The Story of George McFarland and the 151st Pennsylvania Volunteers
When Lincoln called for volunteers in 1862, the government allowed Northern states to fill their quotas with nine-month regiments—regiments whose volunteers only served for nine months.
The northern press called these nine-month regiments "beauties who enlisted for the bounties, and took into the service neither health, patriotism, nor honesty." The veterans, serving 3-year enlistments, questioned their commitment and scorned them as "poor stuff, government robbers, nine monthlings hatched from $200 bounty eggs."
"They might have been good material, ready and willing," said one corps commander, "but the officers and the men didn’t know anything." And in nine months, you can't make a silk purse out of a sow's ear.
Nine months was not long enough to build what was needed to fight well. Citizen soldiers needed time to drill, time to experience the rigors of camp, time to strengthen the sinews of war. Such short-term volunteers would never—could never—fight like veterans.
But one nine-month regiment at Gettysburg proved them all wrong—the 151st Pennsylvania Volunteers.
The Fight of July 1, 1863
At 3:00 pm on Wednesday, July 1, 1863, Corps Commander Abner Doubleday sent the 467 officers and men of the 151st PA into their first real action. The 151st PA was Doubleday's only remaining reserve as the Union line west of Gettysburg began to give way. The Iron Brigade (the best brigade in the Union Army) had held McPherson's Ridge since 10 am that morning, suffering extensive losses. They could hold no longer. Overwhelming numbers of Confederate forces had arrived on the field and were flanking these veterans of the 1st Corps.
To enable the Iron Brigade to withdraw, Doubleday ordered the 151st PA forward to McPherson's Ridge. Nine-month volunteers rescuing the remnants of the best brigade in the army? During the next 60 minutes, the volunteers of the 151st covered the withdrawal of veteran troops from McPherson's Ridge, eventually falling back to Seminary Ridge and holding it long enough for most of the Union artillery to escape capture. In the fight, the 151st lost 337 men, killed, wounded, or captured—a regimental loss of 72%—second only to the losses that day of the veteran 24th Michigan of the Iron Brigade.
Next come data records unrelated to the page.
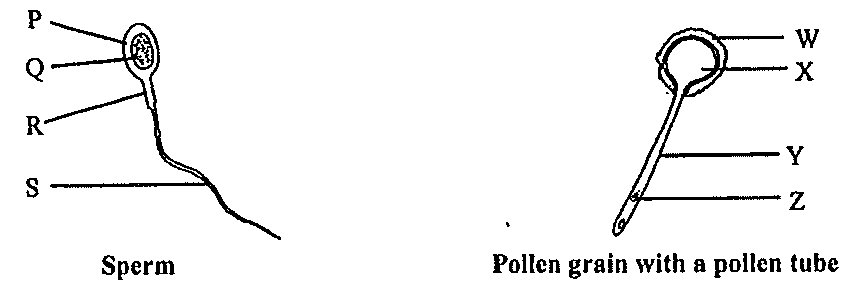 Question figure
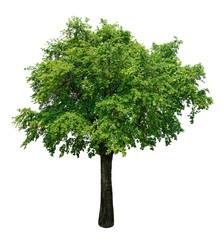 Obraz premium The tree has a leaf with a pompom a white background.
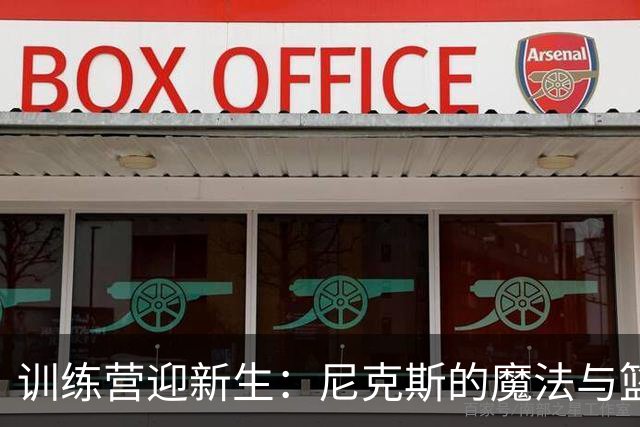 训练营迎新生：尼克斯的魔法与篮球新秀的冒险
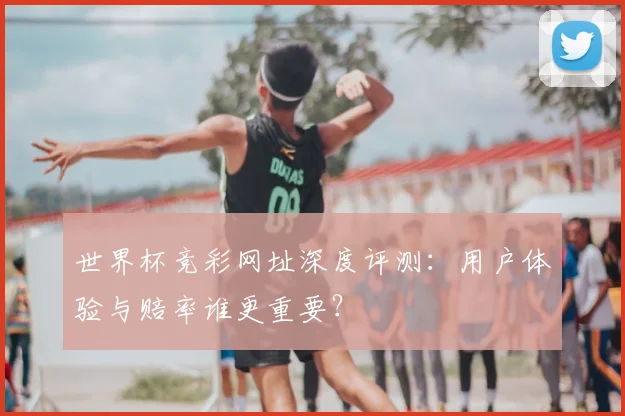 世界杯竞彩网址深度评测：用户体验与赔率谁更重要？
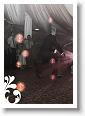 IMG_0104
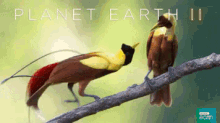 Planet Earth 2 GIF - Planet Earth Bird Flirt Love GIFs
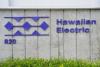 Kokua Line: Does Hawaiian Electric have solar partner?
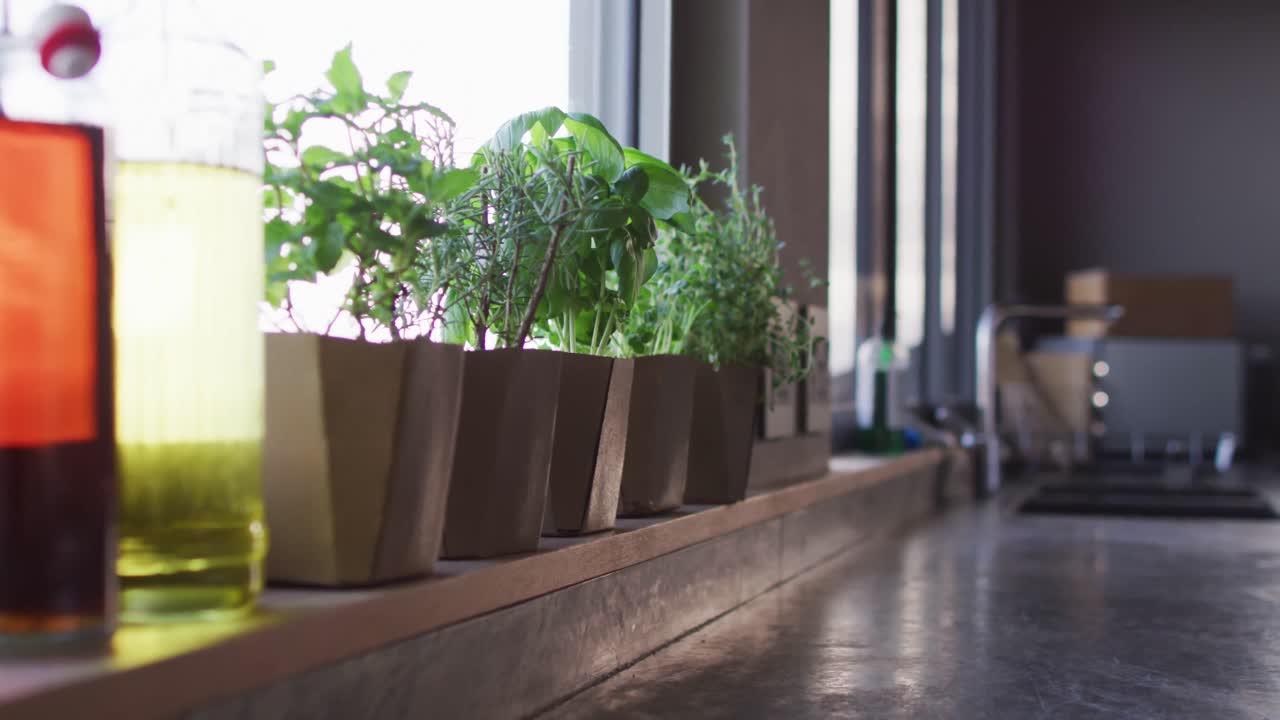 Video di erbe aromatiche e piante da appartamento sul davanzale della finestra a casa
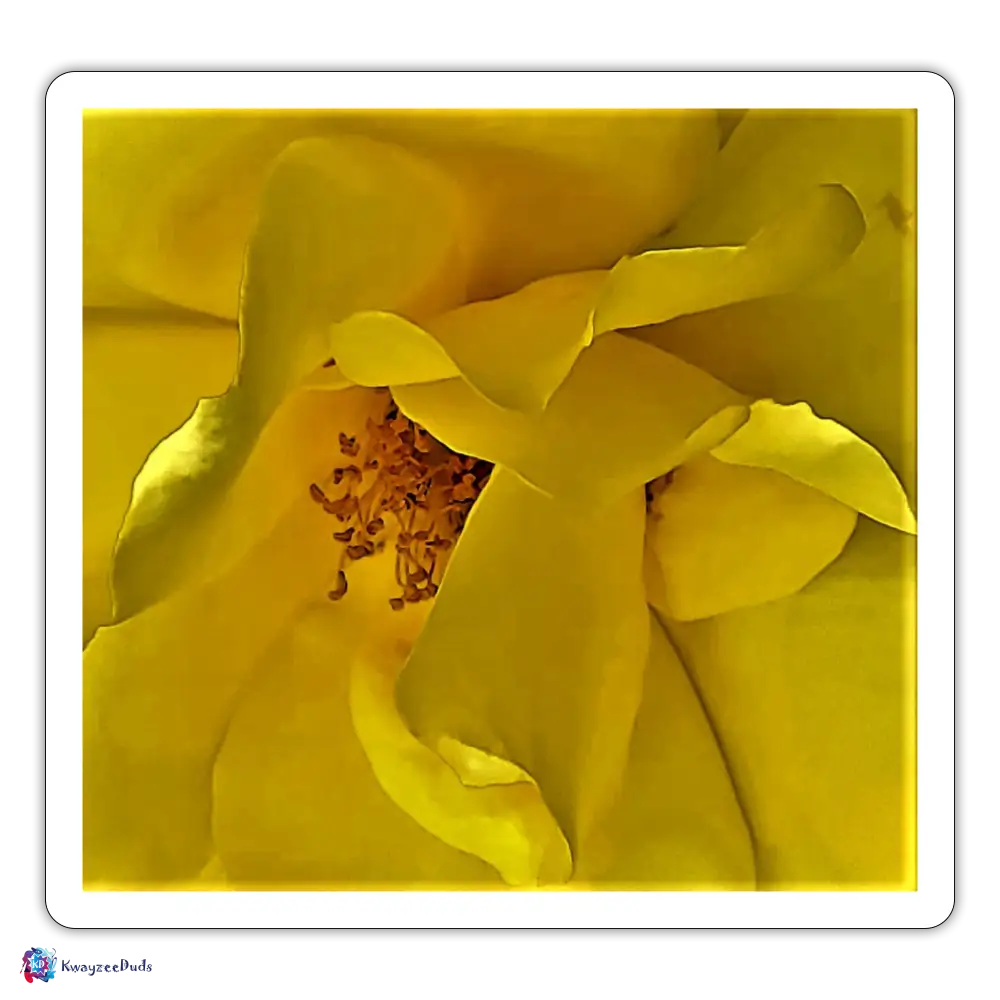 Yellow Rose Sticker - white matte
Major Gen Abner Doubleday, commander of the Union 1st Corps at Gettysburg, later wrote:
"At Gettysburg [the 151st PA Regiment] won, under the brave McFarland, an imperishable fame. They defended the left front of the First Corps against vastly superior numbers; covered its retreat … and enabled me, by their determined resistance, to withdraw the corps in comparative safety … I can never forget the services rendered me by this regiment, directed by the gallantry and genius of McFarland. I believe they saved the First Corps and were among the chief instruments to save the Army of the Potomac and the country from unimaginable disaster."
What made these nine-month men stand and fight the way they did?
What enabled these volunteers to fight like veterans?
The answer is simple yet profound.
They were well-led—by Lt Col George McFarland, a teacher of teachers, an educator turned warrior whose "gallantry and genius” turned volunteers into veterans.
Over the next three weeks, I'd like to unpack McFarland's leadership and learn from him how to lead volunteers.
But first, I wonder.
Could it be that McFarland led well because he was first and foremost a teacher?
George Fisher McFarland had been an educator since the tender age of sixteen. When the Civil War erupted, he was 28 years old, the principal and proprietor of the McAlisterville Academy in Juniata County, PA. So many other teachers joined him that the 151st became known as "The School-Teachers Regiment."
As a teacher of teachers, McFarland understood that leadership—like teaching—is an enabling act. Leaders and teachers enable; they help others become strong and capable. Leading is teaching; teaching is leading.
The Leader as Teacher
In the Scriptures, the one skill required of leaders in the church is their "ability to teach."
The Apostle Paul reminds Timothy that the Lord's servants should be "able to teach." In 1st Timothy, Paul lists the qualities needed in the shepherd leaders of the church—all are character qualities, except one: the ability to teach. In 2nd Timothy, Paul tells Timothy that he best serves the Lord in kindness & gentleness and by his ability to teach. And in turn, Timothy, strengthened by the grace that is in Christ Jesus, should entrust the things he has learned to faithful men and women, who will be "able to teach" others also.
Teaching is the most fundamental enabling act. We turn volunteers into veterans by learning to teach.
As we explore McFarland's leadership of the 151st PA, we'll find his natural leadership emerged out of his ability to teach these three things:
First, McFarland modeled and taught them to fight for what's right. To fight for a Worthy Cause.
Second, McFarland taught them how to fight. He instilled Confidence and Competence.
Third, McFarland led them with Courage by modeling and teaching them to fight with everything they had.
The best leaders turn volunteers into veterans by teaching them.